If I had to pick a single item which has caused me some of the most difficult-to-solve problems in DIY speaker building, it is cabinet resonances. I find I am incredibly sensitive to them. Maybe it's because I owned Magneplanars for many years and I am used to a dipole sound. Despite this, I am not a total torch carrier for the dipole crowd. I also like speakers in cabinets for reasons too numerous to go into here... Both have their strong points. BTW, dipoles DO have undesirable structure resonances. Even Sigfried Linkwitz found this out.
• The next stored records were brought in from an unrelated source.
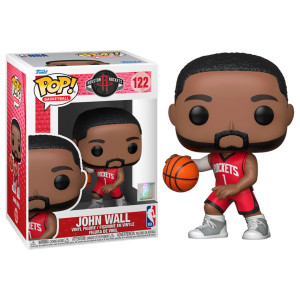 Funko pop esportes nba john parede houston foguetes local t-shirt 59261 D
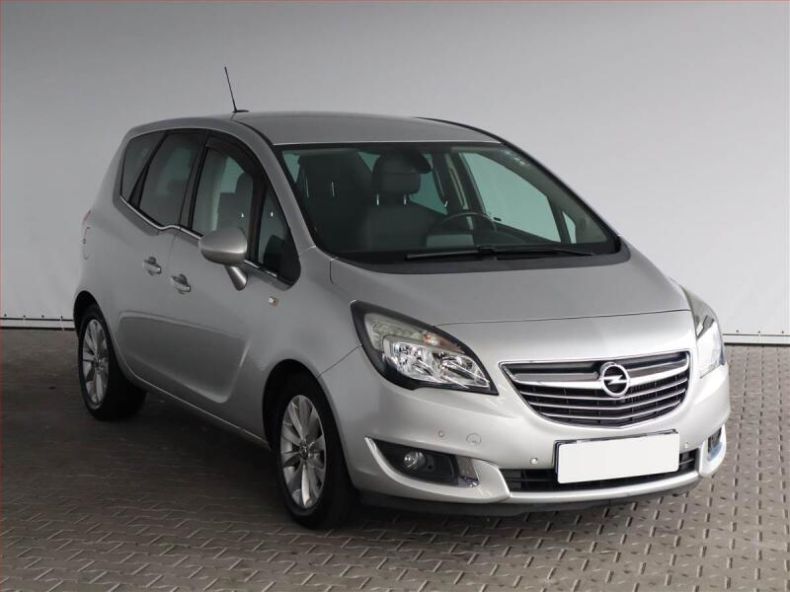 Opel Meriva - hlavní fotka inzerátu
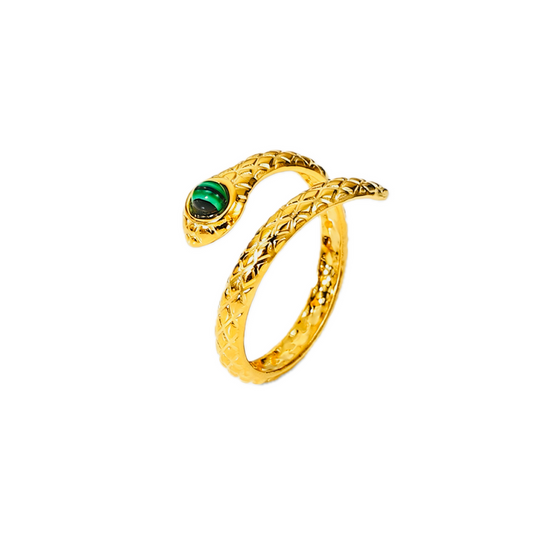 Malachite Eye Snake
Let's talk about the issue of cabinet resonances. It has been proposed that if a cabinet contributed no nonlinearities but had resonances, that with proper filtering, you could avoid exciting these resonances and therefore avoid their audible effects. If a cabinet has a resonance at 300 Hz which augments the output from the speaker at that frequency, one must simply reduce the magnitude of the signal to the speaker by the proper proportion at that frequency and end up with a "flat" frequency response despite the cabinet resonance. Let me start by saying that I have actually used this scheme with some significant measure of success, but it is by no means perfect. Here's why... With the non-linearities of speakers, let's say you put in 2 signals; one at 700 Hz, and one at 1000 Hz. Just one of the most likely of distortion products to come from the speaker is the difference of 1000 - 700 = 300 Hz. This signal is an unplanned-for signal and we did not put it in. There are innumerable combinations of frequencies which, when you put them into our real world speaker driver, give distortion products at 300 Hz. This is why, although you may not be putting IN any frequencies at 300 Hz, intermodulation distortion products will exist at or around 300 Hz which will be augmented by the 300 Hz resonance in our cabinet. This will produce the "resonant signature" which is so immediately identifiable. And remember, the more complex the music is, the more likely it is that the distortion byproducts will coincide with that resonance. That is why using music sources with many voices and/or instruments will so mercilessly reveal cabinet coloration, even when you filter the input signal.